** Record excerpts follows **
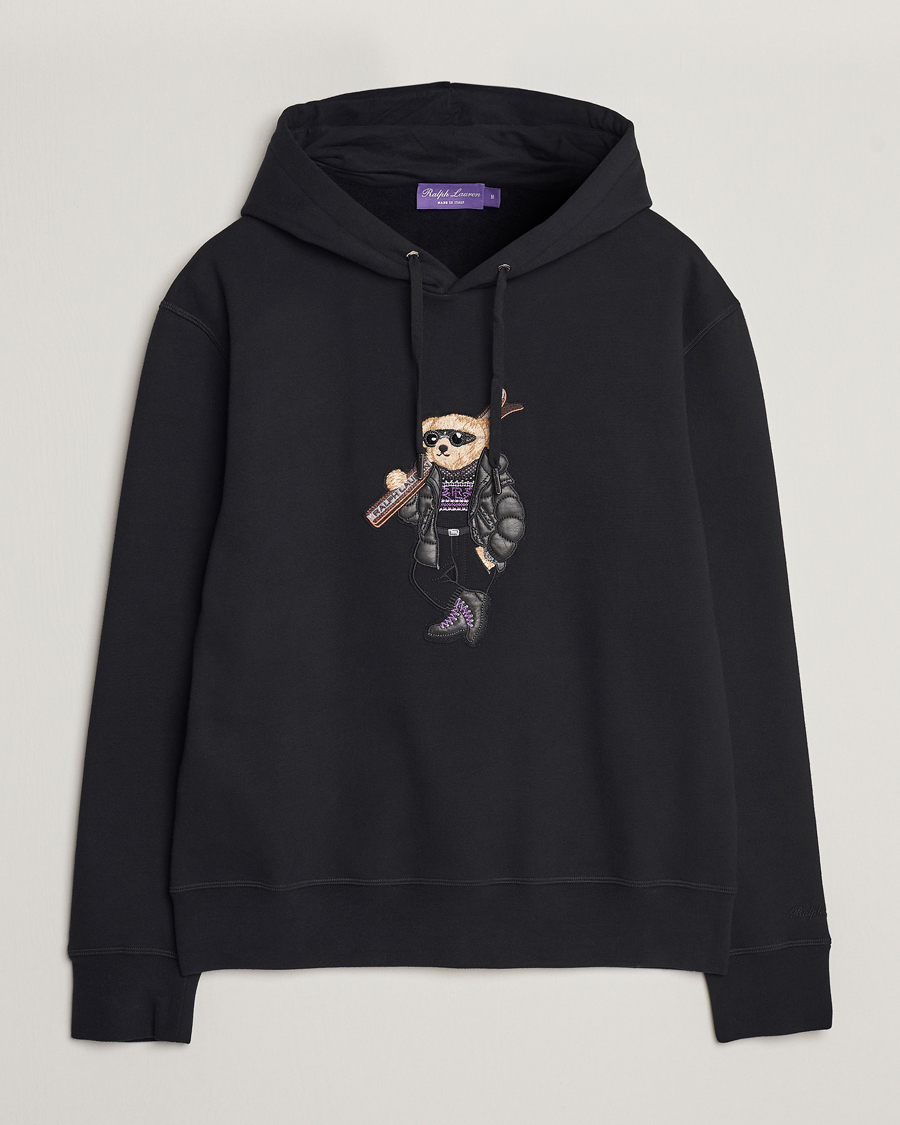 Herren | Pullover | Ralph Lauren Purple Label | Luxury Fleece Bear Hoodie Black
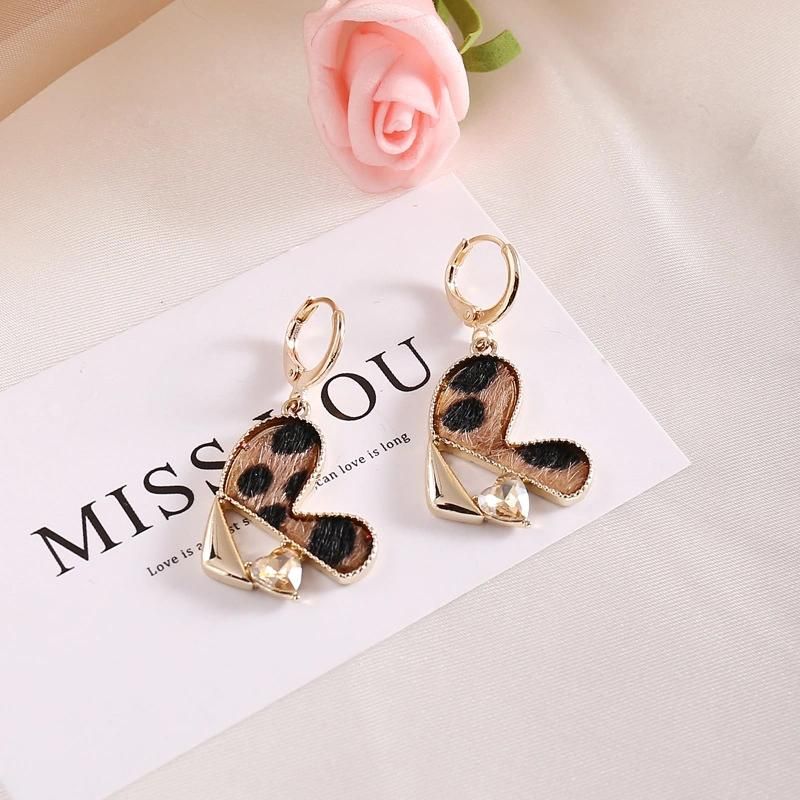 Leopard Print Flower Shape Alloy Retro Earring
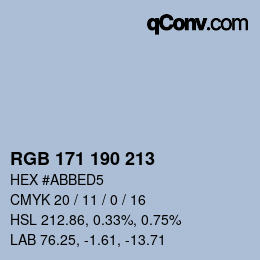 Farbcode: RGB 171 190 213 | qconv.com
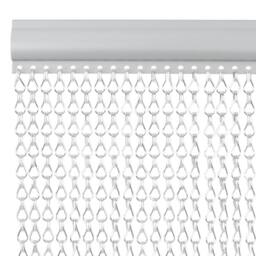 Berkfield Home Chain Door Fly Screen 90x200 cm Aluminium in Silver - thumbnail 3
** End of Record excerpts **
** Record excerpts follows **
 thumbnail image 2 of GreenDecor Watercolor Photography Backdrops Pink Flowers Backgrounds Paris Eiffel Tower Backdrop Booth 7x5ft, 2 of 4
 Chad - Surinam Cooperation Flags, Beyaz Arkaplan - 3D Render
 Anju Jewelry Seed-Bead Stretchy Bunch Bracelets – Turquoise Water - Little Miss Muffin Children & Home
** End of Record excerpts **
Task
In the entries above, find the line containing "Herren | Pullover" and the line containing "Berkfield Home Chain"; give again exactly those two lines and every line between them, minus the pictures.

Exercise output
 Herren | Pullover | Ralph Lauren Purple Label | Luxury Fleece Bear Hoodie Black
 Leopard Print Flower Shape Alloy Retro Earring
 Farbcode: RGB 171 190 213 | qconv.com
 Berkfield Home Chain Door Fly Screen 90x200 cm Aluminium in Silver - thumbnail 3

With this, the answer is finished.